#### [Exercise prompt]
Restate each of the lines given below, word for word.

#### [The data]
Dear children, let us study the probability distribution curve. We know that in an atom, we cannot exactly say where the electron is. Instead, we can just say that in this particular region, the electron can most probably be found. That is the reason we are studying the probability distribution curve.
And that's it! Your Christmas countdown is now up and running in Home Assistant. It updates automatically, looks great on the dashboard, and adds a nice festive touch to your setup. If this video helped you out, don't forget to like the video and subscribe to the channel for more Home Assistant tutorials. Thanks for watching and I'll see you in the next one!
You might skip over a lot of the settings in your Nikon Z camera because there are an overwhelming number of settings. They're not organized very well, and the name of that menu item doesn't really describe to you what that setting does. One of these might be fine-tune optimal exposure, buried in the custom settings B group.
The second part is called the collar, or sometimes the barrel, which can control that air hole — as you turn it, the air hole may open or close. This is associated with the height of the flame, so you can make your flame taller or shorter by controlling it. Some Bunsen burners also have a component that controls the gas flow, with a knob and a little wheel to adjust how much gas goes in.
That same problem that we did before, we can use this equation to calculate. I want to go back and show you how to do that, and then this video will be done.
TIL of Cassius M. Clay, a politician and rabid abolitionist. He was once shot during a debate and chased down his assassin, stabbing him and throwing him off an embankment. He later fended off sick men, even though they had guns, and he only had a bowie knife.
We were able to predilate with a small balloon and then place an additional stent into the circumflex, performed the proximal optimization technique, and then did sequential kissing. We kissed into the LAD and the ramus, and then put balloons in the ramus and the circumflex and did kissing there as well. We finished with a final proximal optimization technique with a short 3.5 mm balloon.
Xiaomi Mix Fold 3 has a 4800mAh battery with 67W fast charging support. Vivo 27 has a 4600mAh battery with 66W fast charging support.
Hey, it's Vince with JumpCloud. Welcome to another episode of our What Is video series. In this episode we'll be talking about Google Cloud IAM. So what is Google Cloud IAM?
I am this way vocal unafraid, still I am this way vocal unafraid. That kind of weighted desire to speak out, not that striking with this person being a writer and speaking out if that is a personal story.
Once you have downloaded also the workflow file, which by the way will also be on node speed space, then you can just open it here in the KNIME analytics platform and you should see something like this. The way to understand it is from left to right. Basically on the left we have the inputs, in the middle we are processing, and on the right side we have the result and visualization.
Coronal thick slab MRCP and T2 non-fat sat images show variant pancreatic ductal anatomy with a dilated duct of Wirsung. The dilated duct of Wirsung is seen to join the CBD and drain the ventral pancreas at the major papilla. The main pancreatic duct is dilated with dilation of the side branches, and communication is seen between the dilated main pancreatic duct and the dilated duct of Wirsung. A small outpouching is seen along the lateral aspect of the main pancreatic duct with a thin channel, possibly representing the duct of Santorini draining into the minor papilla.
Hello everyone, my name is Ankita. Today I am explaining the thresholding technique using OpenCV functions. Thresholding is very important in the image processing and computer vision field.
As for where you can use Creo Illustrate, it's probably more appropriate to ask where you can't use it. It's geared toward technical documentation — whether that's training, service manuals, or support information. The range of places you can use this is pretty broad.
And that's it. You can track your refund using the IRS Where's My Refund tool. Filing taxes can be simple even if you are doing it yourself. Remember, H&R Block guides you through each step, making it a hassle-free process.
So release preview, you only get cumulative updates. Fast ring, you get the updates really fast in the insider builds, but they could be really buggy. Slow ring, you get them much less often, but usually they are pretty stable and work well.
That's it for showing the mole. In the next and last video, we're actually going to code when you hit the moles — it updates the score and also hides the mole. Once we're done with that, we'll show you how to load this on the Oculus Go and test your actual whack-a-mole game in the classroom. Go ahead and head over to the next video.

#### [Result for this task]
Dear children, let us study the probability distribution curve. We know that in an atom, we cannot exactly say where the electron is. Instead, we can just say that in this particular region, the electron can most probably be found. That is the reason we are studying the probability distribution curve.
And that's it! Your Christmas countdown is now up and running in Home Assistant. It updates automatically, looks great on the dashboard, and adds a nice festive touch to your setup. If this video helped you out, don't forget to like the video and subscribe to the channel for more Home Assistant tutorials. Thanks for watching and I'll see you in the next one!
You might skip over a lot of the settings in your Nikon Z camera because there are an overwhelming number of settings. They're not organized very well, and the name of that menu item doesn't really describe to you what that setting does. One of these might be fine-tune optimal exposure, buried in the custom settings B group.
The second part is called the collar, or sometimes the barrel, which can control that air hole — as you turn it, the air hole may open or close. This is associated with the height of the flame, so you can make your flame taller or shorter by controlling it. Some Bunsen burners also have a component that controls the gas flow, with a knob and a little wheel to adjust how much gas goes in.
That same problem that we did before, we can use this equation to calculate. I want to go back and show you how to do that, and then this video will be done.
TIL of Cassius M. Clay, a politician and rabid abolitionist. He was once shot during a debate and chased down his assassin, stabbing him and throwing him off an embankment. He later fended off sick men, even though they had guns, and he only had a bowie knife.
We were able to predilate with a small balloon and then place an additional stent into the circumflex, performed the proximal optimization technique, and then did sequential kissing. We kissed into the LAD and the ramus, and then put balloons in the ramus and the circumflex and did kissing there as well. We finished with a final proximal optimization technique with a short 3.5 mm balloon.
Xiaomi Mix Fold 3 has a 4800mAh battery with 67W fast charging support. Vivo 27 has a 4600mAh battery with 66W fast charging support.
Hey, it's Vince with JumpCloud. Welcome to another episode of our What Is video series. In this episode we'll be talking about Google Cloud IAM. So what is Google Cloud IAM?
I am this way vocal unafraid, still I am this way vocal unafraid. That kind of weighted desire to speak out, not that striking with this person being a writer and speaking out if that is a personal story.
Once you have downloaded also the workflow file, which by the way will also be on node speed space, then you can just open it here in the KNIME analytics platform and you should see something like this. The way to understand it is from left to right. Basically on the left we have the inputs, in the middle we are processing, and on the right side we have the result and visualization.
Coronal thick slab MRCP and T2 non-fat sat images show variant pancreatic ductal anatomy with a dilated duct of Wirsung. The dilated duct of Wirsung is seen to join the CBD and drain the ventral pancreas at the major papilla. The main pancreatic duct is dilated with dilation of the side branches, and communication is seen between the dilated main pancreatic duct and the dilated duct of Wirsung. A small outpouching is seen along the lateral aspect of the main pancreatic duct with a thin channel, possibly representing the duct of Santorini draining into the minor papilla.
Hello everyone, my name is Ankita. Today I am explaining the thresholding technique using OpenCV functions. Thresholding is very important in the image processing and computer vision field.
As for where you can use Creo Illustrate, it's probably more appropriate to ask where you can't use it. It's geared toward technical documentation — whether that's training, service manuals, or support information. The range of places you can use this is pretty broad.
And that's it. You can track your refund using the IRS Where's My Refund tool. Filing taxes can be simple even if you are doing it yourself. Remember, H&R Block guides you through each step, making it a hassle-free process.
So release preview, you only get cumulative updates. Fast ring, you get the updates really fast in the insider builds, but they could be really buggy. Slow ring, you get them much less often, but usually they are pretty stable and work well.
That's it for showing the mole. In the next and last video, we're actually going to code when you hit the moles — it updates the score and also hides the mole. Once we're done with that, we'll show you how to load this on the Oculus Go and test your actual whack-a-mole game in the classroom. Go ahead and head over to the next video.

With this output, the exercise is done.